Yesterday I wrote about
college friends who teach us. I was privileged to have HS friends who taught me
how to grow up, too… such as Benny Albin and Principal Marlin Kell.
In a nice rectangular box
in the first issue of Oak Barks, the newspaper of my high school alma mater,
Oakland City, Indiana, for the 1951-52 school year, the top line reads:
REPORTER OF THE WEEK. The line below it has JOHN McFARLAND. That’s all. I have
looked carefully through all five years of the Oak Barks when I was on staff.
Only once did the paper name a reporter of the week, and it was I.
I’m sure it was because
Benny Albin was Editor that year and was trying to encourage his intrepid frosh
reporter, because he needed me. He knew I wanted to be a reporter for a real
newspaper and would do anything to get a byline.

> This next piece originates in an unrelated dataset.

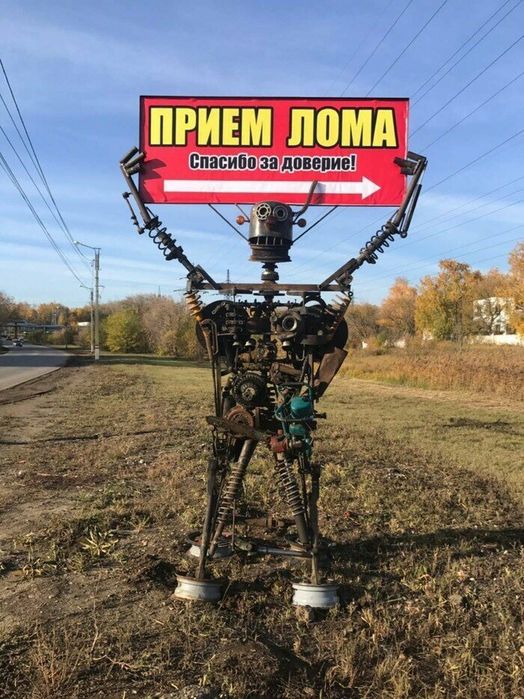Принимаем Металлолома Приеем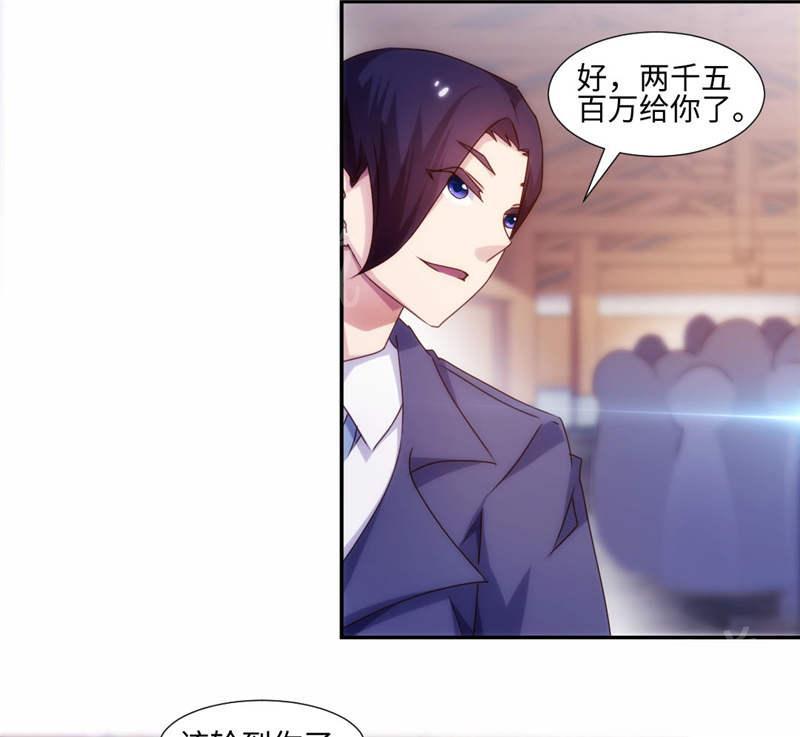 第168话2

It was the Student Council
that actually selected all the members of the Oak Barks staff, but there was a
rule of succession for editor. The Asst. Ed was always a Jr. who became editor
in his or her senior year. It was assumed that you needed a year of experience
to take on that particular job. My own rise in the Oak Barks ranks was not hurt
by the fact that I was class president for three years and thus always on the
Student Council.
Benny Albin was not only
my editor, but a mentor to me in many ways—not just journalism, but other
things as well, such as how to ask a girl for a date. Judging from the results,
he was a better newspaper mentor.
He encouraged me to write
a lot, not just reports, but columns—everything from “humor” to “better
living.” It has occurred to me only now that one of his
motivations--considering that I was a freshman and wrote like one, so surely
was not sought after either for writing skill or philosophical insights--was to
fill up empty leftover spaces in the paper come deadline time. Whenever we got
close to deadline, and the paper wasn’t really ready to roll, he’d say
something like, “McFarland, I need three more column inches to fill out this
page. Write something.” He knew I would not pass up a chance to get into print.
The result, though,
regardless of my cool and redoubtable editor’s motivations, was that I got a
lot of experience, valuable to me even if to no one else.
Since I was Editor my
senior year--until I turned 18 and found out Potter and Brumfield would pay me
a lot more than Oak Barks did, and made poor Peggy Hunt, the Asst. Ed at the
time, take over for me with almost no notice—I should have realized sooner how
editors groom eager younger journalists to fill up space against the deadline.
My junior year, whoever
typed up the list of the new Oak Barks staff used an abbreviated abbreviation
for positions, so that, for instance, I was listed as the Ass. Editor, along
with many other Ass. Positions. It was on the main bulletin for quite a long
time before Mr. Marlin Kell, our principal, heard about it. Then it wasn’t
there any longer.
He always suspected me
whenever anything like that happened. Most folks thought I was a “good” boy,
but Mr. Kell was hard to fool. He knew that playing with words was more
important to me than my reputation. Besides, my reputation as a “good” boy only
meant I was more popular with the mothers of girls than I was with the girls.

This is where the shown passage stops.